* _What is required_
Your copy should begin with the line containing "Mercedes-Benz E 200 2025", end with the line containing "installation usingLATCH Nissan", match the listing below exactly, and contain no pictures.

* _Task input_
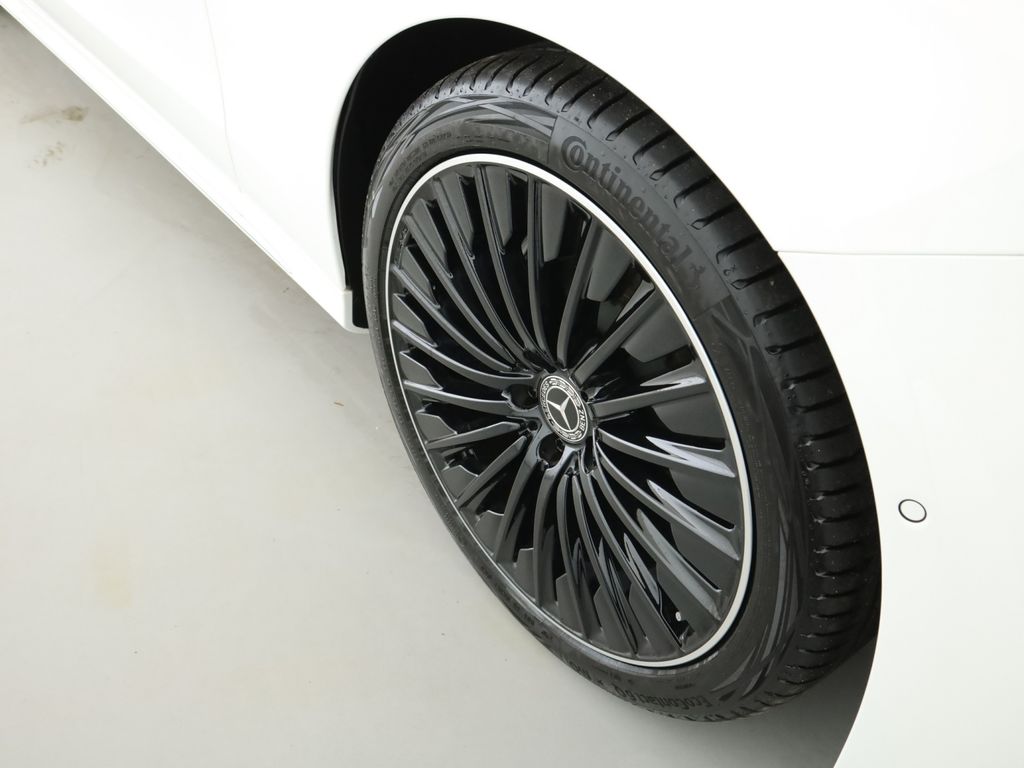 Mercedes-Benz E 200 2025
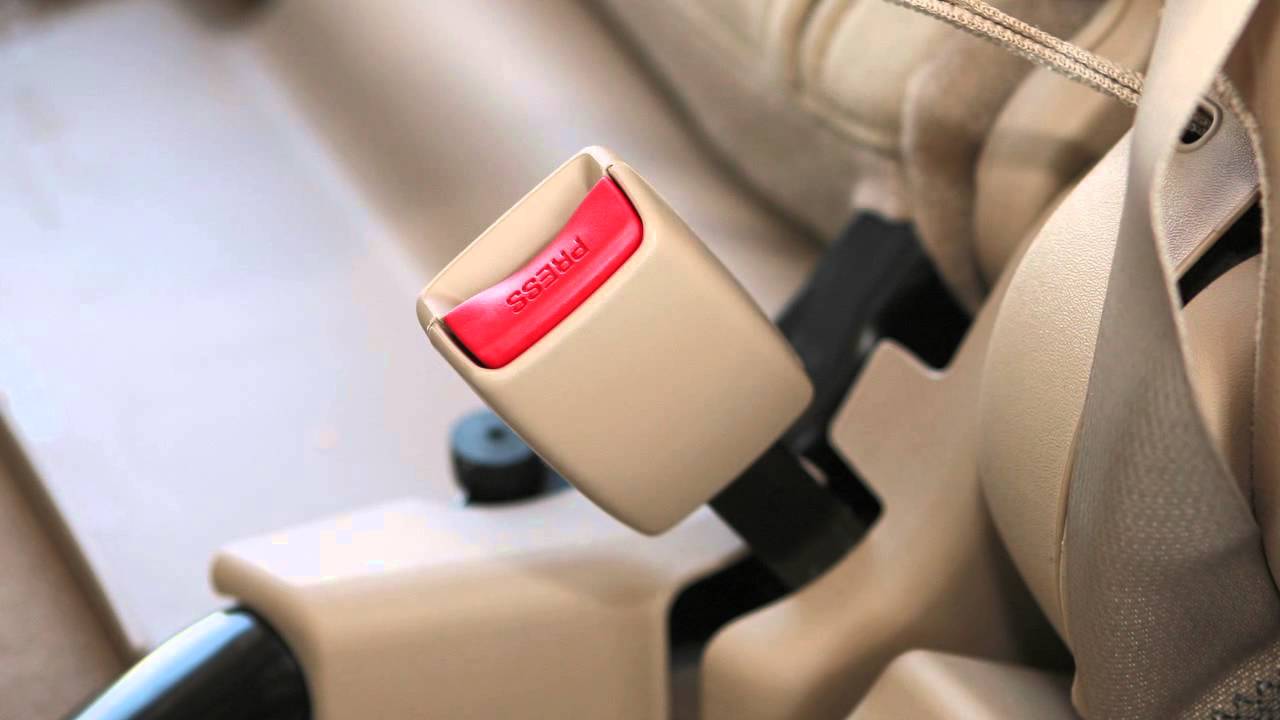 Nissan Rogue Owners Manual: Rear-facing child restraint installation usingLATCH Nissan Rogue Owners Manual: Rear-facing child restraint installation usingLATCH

---

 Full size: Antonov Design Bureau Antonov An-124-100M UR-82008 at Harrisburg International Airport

* _Answer to this task_
 Mercedes-Benz E 200 2025
 Nissan Rogue Owners Manual: Rear-facing child restraint installation usingLATCH Nissan Rogue Owners Manual: Rear-facing child restraint installation usingLATCH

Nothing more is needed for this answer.